Jung: Digital Mensch bleiben

Digital Mensch bleiben

  • Volker Jung
  • Claudius, 8. Oktober 2018
  • Gebundene Ausgabe, 136 Seiten
  • 14,00 € (D)
  • ISBN 978-3-532-82826-3

Inhalt

Kurz und knapp und doch überaus informativ stellt Herr Jung die wesentlichen Eckpunkte der derzeitigen Entwicklungen der Digitalisierung vor. Er setzt sich damit auseinander, warum diese Entwicklungen so schnell und stark verlaufen, wie wir sie aktuell erleben, welche Hoffnungen und Erwartungen die Menschen an sie knüpfen und wie sie sich in 5 ausgewählten Bereichen des täglichen Lebens ausdrücken. Ein Viertel des Buches widmet Herr Jung der Frage, was jetzt zu tun ist. Hier sieht er die Politik, die Kirche, aber auch jede/n Einzelne/n in der Pflicht.

Subjektive Eindrücke

Das Thema ist für mich sehr interessant, vor allem die Frage, wie wir Menschen uns wohl verändern, was der Kern unserer Menschlichkeit ist und wie wir den erhalten und/oder menschlich weiter entwickeln können. Deshalb hatte ich mich auf ein großes dickes Buch gefreut und war dann trotz der Freude darüber, dass das Buch angekommen war, ein wenig enttäuscht, dass es nur ein kleines dünnes Band war.

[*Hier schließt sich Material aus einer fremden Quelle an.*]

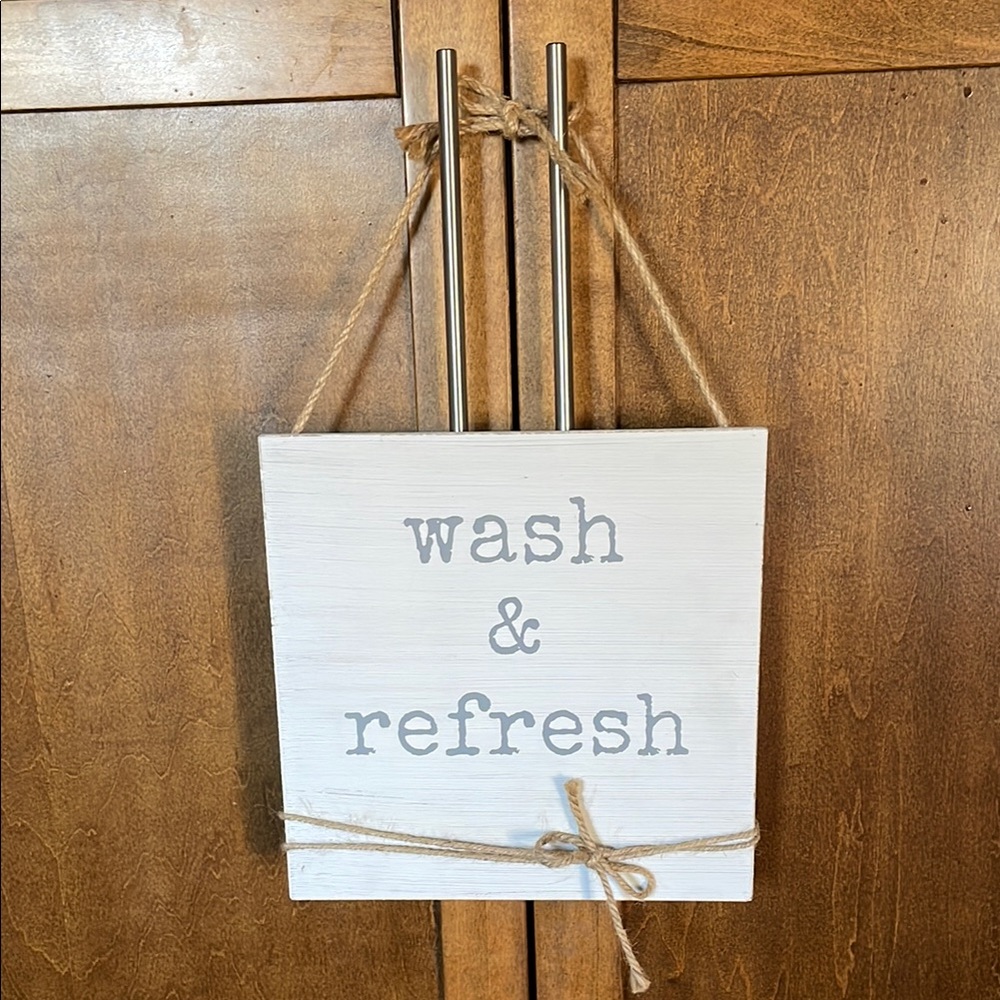Rustic Wash & Refresh Sign for Bathroom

Trotzdem steckt sehr viel Wissenswertes in diesem Buch. Insbesondere, wenn man sich noch nicht viel mit dem Thema Digitalisierung auseinander gesetzt hat, erfährt man hier in kompakter Form viel Wesentliches.

Aus meiner persönlichen Sicht geht das Buch aber an zu wenigen Stellen und nur sehr knapp auf die eigentliche Frage, die der Titel andeutet, ein. Die Frage, was einen Menschen als solchen ausmacht, wird kurz angerissen. Es gibt ein paar Querverweise zur Bibel. Aber mehr konnte ich mit meinen Augen dazu in diesem Buch nicht finden. Es reißt viele Fragen an und regt damit zum Nachdenken an. Die Lösungsansätze muss man wohl dann aber doch allein oder in der Diskussion mit Anderen finden.

Fazit

Lesenswert, was die sachlichen Inhalte betrifft – denkanregend, was die eigentlichen Fragen der Beziehungen Mensch-Technik betrifft.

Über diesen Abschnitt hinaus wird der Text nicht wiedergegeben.